* _Captioned web image data_

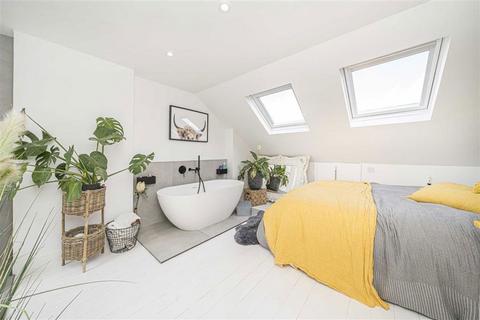 4 bedroom house for sale, York Road, Teddington TW11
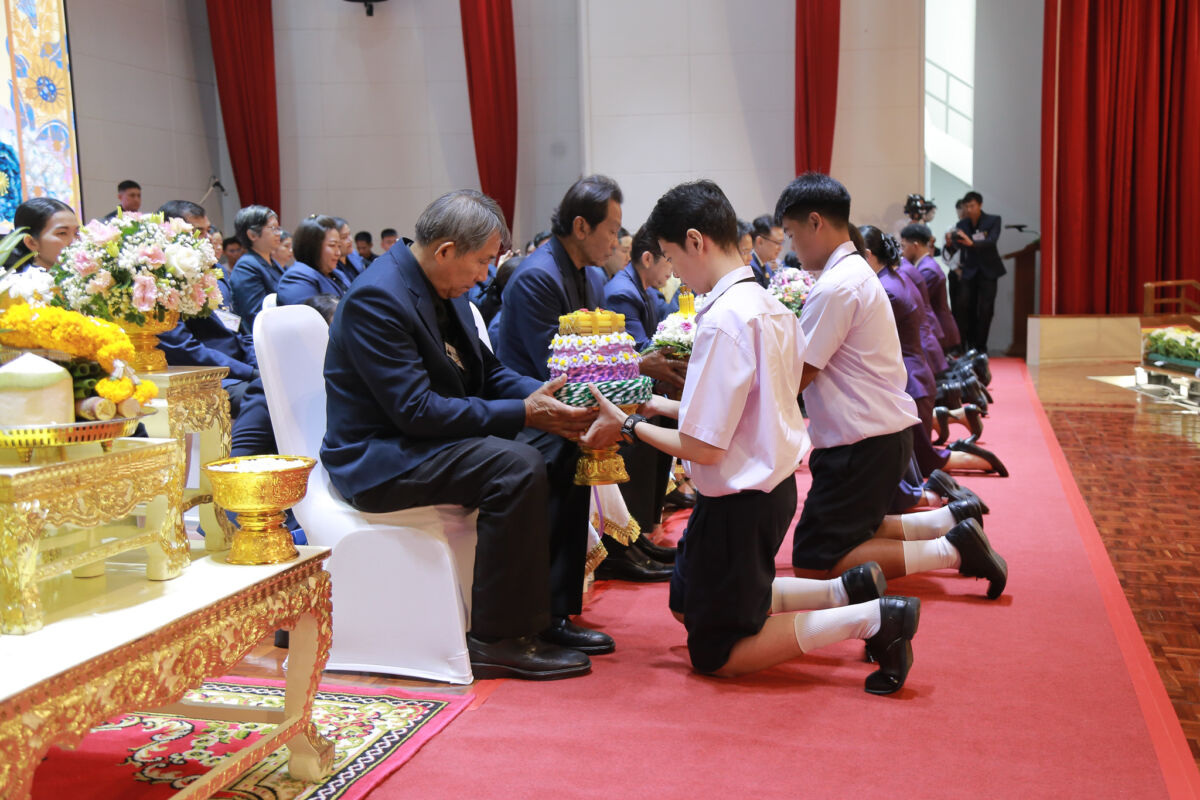 สจด. จัดพิธีไหว้ครู และพิธีรับพระราชทานรางวัลเรียนดี รางวัลการแข่งขันทักษะวิชาชีพ มอบเกียรติบัตรคณะกรรมการนักเรียน และเกียรติบัตรฝ่ายกิจการนักเรียน นักศึกษา ประจำปีการศึกษา 2569 สจด. จัดพิธีไหว้ครู และพิธีรับพระราชทานรางวัลเรียนดี รางวัลการแข่งขันทักษะวิชาชีพ มอบเกียรติบัตรคณะกรรมการนักเรียน และเกียรติบัตรฝ่ายกิจการนักเรียน นักศึกษา ประจำปีการศึกษา 2569 — 13 กรกฎาคม 2026 — สถาบันเทคโนโลยีจิตรลดา CDTI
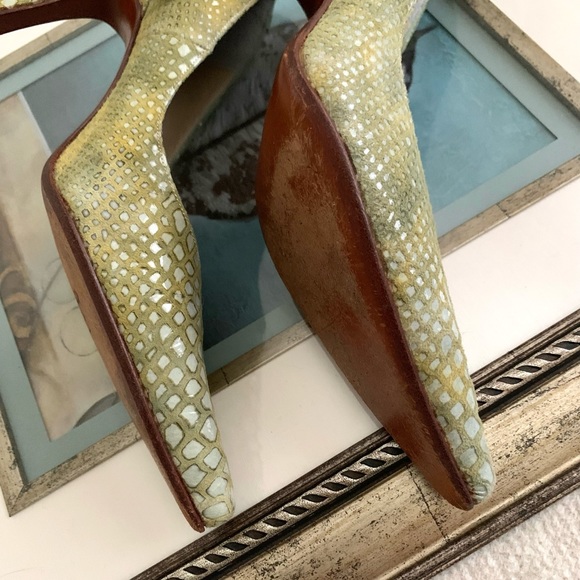 Saks Brienza Italian Leather & Suede Heels - Picture 10 of 11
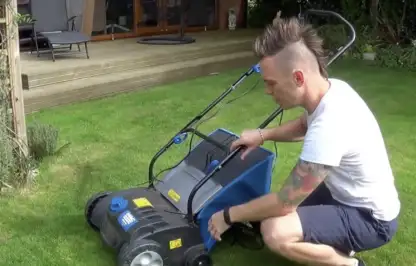 An electric scarifier for a lawn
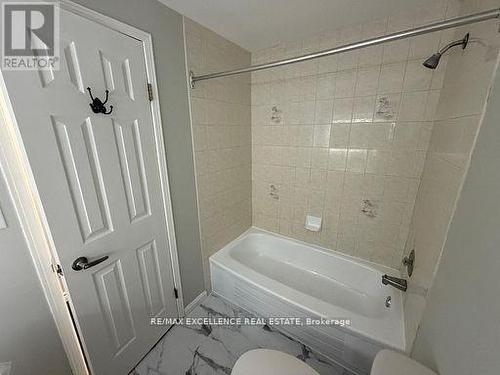 60 Denlow Street, Kitchener, ON - Indoor Photo Showing Bathroom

* _What the exercise asks_
Set the pictures aside and restate word for word only the lines from the line containing "An electric scarifier for a lawn" through the end of the entries above, both included.

* _Reply_
 An electric scarifier for a lawn
 60 Denlow Street, Kitchener, ON - Indoor Photo Showing Bathroom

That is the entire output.